I remember watching The Florida Project on a flight home sometime during the tail end of my high school years. It caught my attention for the simple fact that it was about an area very familiar to me. Kissimmee, where the film was shot, is just a stone’s throw from Orlando and shares the same backyard: Disney World. The Florida Project follows single mom Halley and her six-year-old daughter Moonee living in a motel off US 192 as they try to make ends meet. We see the film from the perspective of Moonee, whose childish spirit serves as a point of friction with the very adult actions Halley makes in an attempt to get by.


The squalor of their situation is placed in stark contrast with Disney World, which can be seen looming in the distance in a number of shots.

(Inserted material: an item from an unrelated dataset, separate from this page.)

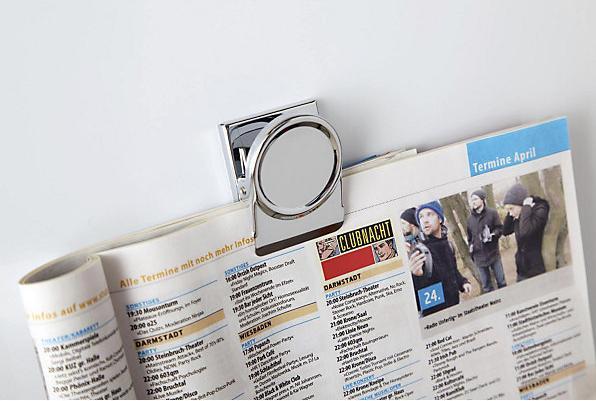 Produktbild Magnetoplan Magnetclip (12 x)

Needless to say, The Florida Project didn’t receive recognition from any tourist organizations, but that’s only indicative of its cinematic success. Popular media about Florida are few and far between outside of the notorious “Florida man” whose mugshot surfaces on your feed every couple of days. When these destinations are depicted in the film, they are portrayed as transient locations; great as a backdrop for a memorable Spring Break, but not a place where people actually live. While I can’t relate to the experience of poverty or a family on the fringe of society depicted in The Florida Project, I appreciate its acknowledgement of a narrative that is often erased from popular media: what it’s like to live in the penumbra of a commercial giant and how that’s a story worth telling.


The idea that I needed to move to a big city in order to lead a meaningful life was not only an obvious miscalculation (I found my way back to Florida in the end, and my world feels bigger than ever for it) but a coarse offense towards those who choose to stay. The highly esteemed “small town to big city” narrative- a staple of the American Dream- means that staying put is fused with the idea of failure. Although I’m thankful for the experience of spending a year in college in another state, it was a mistake in the end, and I’m still paying for it (literally).

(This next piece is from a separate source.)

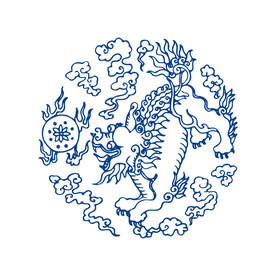 青花纹样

This past summer was one of big transitions. In the last stages of finalizing my transfer to UF, it felt like I was back at square one. Just like a year prior, I was on the verge of moving to a new city where I didn’t know anyone (albeit one only two hours away) with the added bonus of having to worry about paying rent. I’d already done the whole awkward freshman thing and found, but that’s essentially what I’d be doing at my new school.


In preparation for the transition, I wrote 10 summer resolutions on multi-colored post-it notes, sticking them on my closet door so that they were the first thing I saw before getting dressed in the morning. Writing more often was one of the goals I accomplished; losing weight was another. I went on a road trip with my friends to North Carolina in early June and finally got my nose pierced a week or so after my 19th birthday, crossing two more resolutions off of my list.


But the most important resolution I completed, etched in permanent marker and strategically placed at the center of my make-shift vision board was this: to explore Orlando. Considering I spent the majority of my adolescent years dreaming of moving away, it’s no surprise that I never took the time to venture far beyond the route from my house to school (and the nearest movie theater).


So I spent my summer playing catch up with the city I’d never taken the time to get to know. I visited a retro arcade with a childhood friend and discovered that I’m laughably bad at Guitar Hero. I joined the staff at a summer camp and carted upwards of 50 children to various skating rinks, waterparks, and bowling alleys all across central Florida on a daily basis, many of which I was visiting for the first time myself. I bought overpriced donuts and a subpar lavender iced latte at a local farmers market that’s existed for years. I went to an 80s tribute concert with my best friend at the House of Blues and watched middle-aged people get low.


And yes, I might have gone to Disney once or twice.